Film @ International House

30 Years of Film @ International House

 

THE JANUS COLLECTION

 

Truly one of our national treasures, American film culture without Janus Films is unimaginable. Film @ International House is celebrating 30 + years with a selection of titles from Janus’ extraordinary collection, all in brand-new or restored 35mm prints.  Here’s your chance to celebrate their achievements and to be dazzled all over again by highlights from their incomparable collection.

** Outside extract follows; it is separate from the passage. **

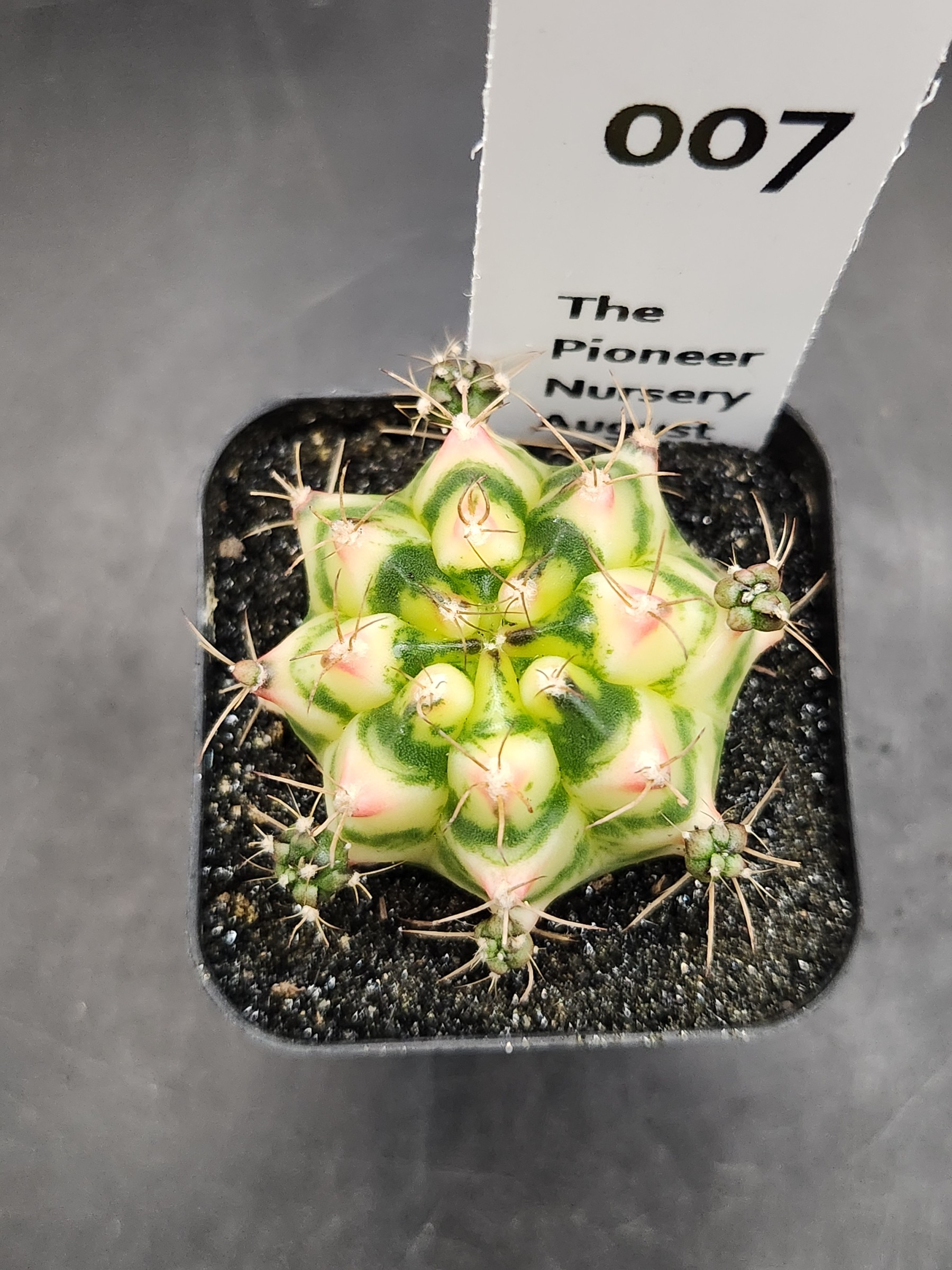 Gymnocalycium mihanovichii 'Flower Field'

Saturday, January 10 at 7pm

Symbiopsychotaxiplasm: Take One

dir. William Greaves, US, 1968, 35mm, 75 mins, color

 

In this one-of-a-kind fiction/documentary hybrid, director William Greaves presides over a beleaguered film crew in New York's Central Park, leaving them to try to figure out what kind of movie they're making. A couple enacts a break-up scenario over and over, a documentary crew films a crew filming the crew, locals wander casually into the frame. This wildly innovative 60’s counterculture landmark remains one of the most tightly focused and insightful movies ever made about making movies.

CLICK HERE for Symbiopsychotaxiplasm: Take One Program Notes

Saturday, February 21 at 7pm

Woman in the Dunes

dir. Hiroshi Teshigahara, Japan, 1964, 35mm, 147 mins, color, Japanese w/ English subtitles

 

Woman in the Dunes was for many the grand unveiling of the surreal, idiosyncratic worldview of Hiroshi Teshigahara. An amateur entomologist leaves Tokyo for a remote, vast desert to study an unclassified species of beetle. After missing the bus back to civilization, he spends the night in the home of a young widow who lives in a hut at the bottom of a sand dune. What results is one of cinema’s most bristling, unnerving and palpably erotic battles of the sexes, as well as a nightmarish depiction of everyday Sisyphean struggle. Academy Award nominee for Best Director and Best Foreign Language Film.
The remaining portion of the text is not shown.